Exercise objective - Every line of the listing must be repeated in the answer without alteration.

Task material -
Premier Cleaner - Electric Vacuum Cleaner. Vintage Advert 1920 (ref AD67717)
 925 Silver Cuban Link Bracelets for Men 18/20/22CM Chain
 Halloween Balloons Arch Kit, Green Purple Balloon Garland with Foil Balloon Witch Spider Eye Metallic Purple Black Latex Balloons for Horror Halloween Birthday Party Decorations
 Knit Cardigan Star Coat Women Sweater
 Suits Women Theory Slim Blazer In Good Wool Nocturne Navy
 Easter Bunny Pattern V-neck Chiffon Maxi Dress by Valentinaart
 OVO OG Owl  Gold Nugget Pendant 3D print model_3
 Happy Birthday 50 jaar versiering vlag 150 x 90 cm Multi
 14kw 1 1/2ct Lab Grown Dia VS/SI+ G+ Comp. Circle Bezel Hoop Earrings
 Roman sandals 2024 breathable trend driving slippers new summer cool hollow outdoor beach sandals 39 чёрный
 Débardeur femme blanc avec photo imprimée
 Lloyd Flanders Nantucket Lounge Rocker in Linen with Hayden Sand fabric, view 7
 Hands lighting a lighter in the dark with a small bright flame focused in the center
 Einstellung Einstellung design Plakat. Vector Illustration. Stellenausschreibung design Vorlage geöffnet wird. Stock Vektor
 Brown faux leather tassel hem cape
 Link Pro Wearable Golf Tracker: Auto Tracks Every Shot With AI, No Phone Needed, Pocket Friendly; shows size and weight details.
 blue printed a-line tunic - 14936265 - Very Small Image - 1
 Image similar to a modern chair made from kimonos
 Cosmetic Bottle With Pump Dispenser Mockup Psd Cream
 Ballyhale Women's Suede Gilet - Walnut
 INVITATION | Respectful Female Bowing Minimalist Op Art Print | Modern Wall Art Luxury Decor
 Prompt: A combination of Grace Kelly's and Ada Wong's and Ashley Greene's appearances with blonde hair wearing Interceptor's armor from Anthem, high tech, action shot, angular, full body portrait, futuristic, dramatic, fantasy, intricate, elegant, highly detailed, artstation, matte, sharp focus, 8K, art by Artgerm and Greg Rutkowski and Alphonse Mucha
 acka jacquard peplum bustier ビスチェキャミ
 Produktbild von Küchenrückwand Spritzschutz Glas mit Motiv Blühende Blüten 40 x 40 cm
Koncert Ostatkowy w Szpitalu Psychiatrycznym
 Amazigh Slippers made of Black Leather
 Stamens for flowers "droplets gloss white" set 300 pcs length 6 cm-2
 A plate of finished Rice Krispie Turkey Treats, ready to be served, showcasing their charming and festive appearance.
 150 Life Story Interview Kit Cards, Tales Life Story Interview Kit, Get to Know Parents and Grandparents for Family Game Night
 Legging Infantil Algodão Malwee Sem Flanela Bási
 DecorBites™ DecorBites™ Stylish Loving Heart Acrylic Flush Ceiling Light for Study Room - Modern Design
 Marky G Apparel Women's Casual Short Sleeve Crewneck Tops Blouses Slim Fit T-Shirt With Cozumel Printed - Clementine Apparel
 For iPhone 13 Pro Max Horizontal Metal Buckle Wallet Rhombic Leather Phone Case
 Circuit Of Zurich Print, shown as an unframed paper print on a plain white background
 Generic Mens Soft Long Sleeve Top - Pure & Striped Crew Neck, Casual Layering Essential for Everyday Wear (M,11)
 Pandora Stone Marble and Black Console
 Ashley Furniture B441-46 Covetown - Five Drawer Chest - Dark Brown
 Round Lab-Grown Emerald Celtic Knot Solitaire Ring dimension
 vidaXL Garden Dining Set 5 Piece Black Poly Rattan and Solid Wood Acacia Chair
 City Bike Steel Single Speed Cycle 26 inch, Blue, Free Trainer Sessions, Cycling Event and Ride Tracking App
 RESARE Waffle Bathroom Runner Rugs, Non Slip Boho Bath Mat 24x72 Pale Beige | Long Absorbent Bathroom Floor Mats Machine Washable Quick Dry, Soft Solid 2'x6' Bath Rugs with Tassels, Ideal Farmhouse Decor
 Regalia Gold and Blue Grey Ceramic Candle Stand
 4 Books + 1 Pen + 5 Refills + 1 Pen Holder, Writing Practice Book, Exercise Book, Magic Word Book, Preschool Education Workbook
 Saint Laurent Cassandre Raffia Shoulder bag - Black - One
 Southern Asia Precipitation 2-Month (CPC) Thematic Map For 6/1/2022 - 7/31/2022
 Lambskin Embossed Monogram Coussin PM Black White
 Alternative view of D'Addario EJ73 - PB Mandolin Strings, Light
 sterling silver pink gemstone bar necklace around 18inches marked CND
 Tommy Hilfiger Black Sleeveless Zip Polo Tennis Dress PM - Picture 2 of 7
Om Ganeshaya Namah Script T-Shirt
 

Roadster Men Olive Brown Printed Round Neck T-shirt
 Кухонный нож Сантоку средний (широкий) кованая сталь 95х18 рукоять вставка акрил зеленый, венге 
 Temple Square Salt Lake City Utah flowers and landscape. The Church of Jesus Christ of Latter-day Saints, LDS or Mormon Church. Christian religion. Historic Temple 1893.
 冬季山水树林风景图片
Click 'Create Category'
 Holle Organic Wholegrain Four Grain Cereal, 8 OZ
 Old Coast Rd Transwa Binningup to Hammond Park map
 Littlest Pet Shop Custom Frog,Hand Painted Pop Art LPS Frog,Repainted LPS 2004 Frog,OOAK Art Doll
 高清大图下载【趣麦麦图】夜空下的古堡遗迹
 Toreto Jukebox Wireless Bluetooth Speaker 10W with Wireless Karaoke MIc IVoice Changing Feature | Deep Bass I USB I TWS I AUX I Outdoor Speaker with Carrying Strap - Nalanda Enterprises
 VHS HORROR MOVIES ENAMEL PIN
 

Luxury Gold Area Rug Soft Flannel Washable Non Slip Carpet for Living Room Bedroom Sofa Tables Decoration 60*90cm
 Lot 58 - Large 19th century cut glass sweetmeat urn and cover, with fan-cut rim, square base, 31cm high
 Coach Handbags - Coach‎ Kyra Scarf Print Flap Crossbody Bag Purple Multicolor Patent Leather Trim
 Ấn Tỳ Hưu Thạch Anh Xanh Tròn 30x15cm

Answer for the task -
Premier Cleaner - Electric Vacuum Cleaner. Vintage Advert 1920 (ref AD67717)
 925 Silver Cuban Link Bracelets for Men 18/20/22CM Chain
 Halloween Balloons Arch Kit, Green Purple Balloon Garland with Foil Balloon Witch Spider Eye Metallic Purple Black Latex Balloons for Horror Halloween Birthday Party Decorations
 Knit Cardigan Star Coat Women Sweater
 Suits Women Theory Slim Blazer In Good Wool Nocturne Navy
 Easter Bunny Pattern V-neck Chiffon Maxi Dress by Valentinaart
 OVO OG Owl  Gold Nugget Pendant 3D print model_3
 Happy Birthday 50 jaar versiering vlag 150 x 90 cm Multi
 14kw 1 1/2ct Lab Grown Dia VS/SI+ G+ Comp. Circle Bezel Hoop Earrings
 Roman sandals 2024 breathable trend driving slippers new summer cool hollow outdoor beach sandals 39 чёрный
 Débardeur femme blanc avec photo imprimée
 Lloyd Flanders Nantucket Lounge Rocker in Linen with Hayden Sand fabric, view 7
 Hands lighting a lighter in the dark with a small bright flame focused in the center
 Einstellung Einstellung design Plakat. Vector Illustration. Stellenausschreibung design Vorlage geöffnet wird. Stock Vektor
 Brown faux leather tassel hem cape
 Link Pro Wearable Golf Tracker: Auto Tracks Every Shot With AI, No Phone Needed, Pocket Friendly; shows size and weight details.
 blue printed a-line tunic - 14936265 - Very Small Image - 1
 Image similar to a modern chair made from kimonos
 Cosmetic Bottle With Pump Dispenser Mockup Psd Cream
 Ballyhale Women's Suede Gilet - Walnut
 INVITATION | Respectful Female Bowing Minimalist Op Art Print | Modern Wall Art Luxury Decor
 Prompt: A combination of Grace Kelly's and Ada Wong's and Ashley Greene's appearances with blonde hair wearing Interceptor's armor from Anthem, high tech, action shot, angular, full body portrait, futuristic, dramatic, fantasy, intricate, elegant, highly detailed, artstation, matte, sharp focus, 8K, art by Artgerm and Greg Rutkowski and Alphonse Mucha
 acka jacquard peplum bustier ビスチェキャミ
 Produktbild von Küchenrückwand Spritzschutz Glas mit Motiv Blühende Blüten 40 x 40 cm
Koncert Ostatkowy w Szpitalu Psychiatrycznym
 Amazigh Slippers made of Black Leather
 Stamens for flowers "droplets gloss white" set 300 pcs length 6 cm-2
 A plate of finished Rice Krispie Turkey Treats, ready to be served, showcasing their charming and festive appearance.
 150 Life Story Interview Kit Cards, Tales Life Story Interview Kit, Get to Know Parents and Grandparents for Family Game Night
 Legging Infantil Algodão Malwee Sem Flanela Bási
 DecorBites™ DecorBites™ Stylish Loving Heart Acrylic Flush Ceiling Light for Study Room - Modern Design
 Marky G Apparel Women's Casual Short Sleeve Crewneck Tops Blouses Slim Fit T-Shirt With Cozumel Printed - Clementine Apparel
 For iPhone 13 Pro Max Horizontal Metal Buckle Wallet Rhombic Leather Phone Case
 Circuit Of Zurich Print, shown as an unframed paper print on a plain white background
 Generic Mens Soft Long Sleeve Top - Pure & Striped Crew Neck, Casual Layering Essential for Everyday Wear (M,11)
 Pandora Stone Marble and Black Console
 Ashley Furniture B441-46 Covetown - Five Drawer Chest - Dark Brown
 Round Lab-Grown Emerald Celtic Knot Solitaire Ring dimension
 vidaXL Garden Dining Set 5 Piece Black Poly Rattan and Solid Wood Acacia Chair
 City Bike Steel Single Speed Cycle 26 inch, Blue, Free Trainer Sessions, Cycling Event and Ride Tracking App
 RESARE Waffle Bathroom Runner Rugs, Non Slip Boho Bath Mat 24x72 Pale Beige | Long Absorbent Bathroom Floor Mats Machine Washable Quick Dry, Soft Solid 2'x6' Bath Rugs with Tassels, Ideal Farmhouse Decor
 Regalia Gold and Blue Grey Ceramic Candle Stand
 4 Books + 1 Pen + 5 Refills + 1 Pen Holder, Writing Practice Book, Exercise Book, Magic Word Book, Preschool Education Workbook
 Saint Laurent Cassandre Raffia Shoulder bag - Black - One
 Southern Asia Precipitation 2-Month (CPC) Thematic Map For 6/1/2022 - 7/31/2022
 Lambskin Embossed Monogram Coussin PM Black White
 Alternative view of D'Addario EJ73 - PB Mandolin Strings, Light
 sterling silver pink gemstone bar necklace around 18inches marked CND
 Tommy Hilfiger Black Sleeveless Zip Polo Tennis Dress PM - Picture 2 of 7
Om Ganeshaya Namah Script T-Shirt
 

Roadster Men Olive Brown Printed Round Neck T-shirt
 Кухонный нож Сантоку средний (широкий) кованая сталь 95х18 рукоять вставка акрил зеленый, венге 
 Temple Square Salt Lake City Utah flowers and landscape. The Church of Jesus Christ of Latter-day Saints, LDS or Mormon Church. Christian religion. Historic Temple 1893.
 冬季山水树林风景图片
Click 'Create Category'
 Holle Organic Wholegrain Four Grain Cereal, 8 OZ
 Old Coast Rd Transwa Binningup to Hammond Park map
 Littlest Pet Shop Custom Frog,Hand Painted Pop Art LPS Frog,Repainted LPS 2004 Frog,OOAK Art Doll
 高清大图下载【趣麦麦图】夜空下的古堡遗迹
 Toreto Jukebox Wireless Bluetooth Speaker 10W with Wireless Karaoke MIc IVoice Changing Feature | Deep Bass I USB I TWS I AUX I Outdoor Speaker with Carrying Strap - Nalanda Enterprises
 VHS HORROR MOVIES ENAMEL PIN
 

Luxury Gold Area Rug Soft Flannel Washable Non Slip Carpet for Living Room Bedroom Sofa Tables Decoration 60*90cm
 Lot 58 - Large 19th century cut glass sweetmeat urn and cover, with fan-cut rim, square base, 31cm high
 Coach Handbags - Coach‎ Kyra Scarf Print Flap Crossbody Bag Purple Multicolor Patent Leather Trim
 Ấn Tỳ Hưu Thạch Anh Xanh Tròn 30x15cm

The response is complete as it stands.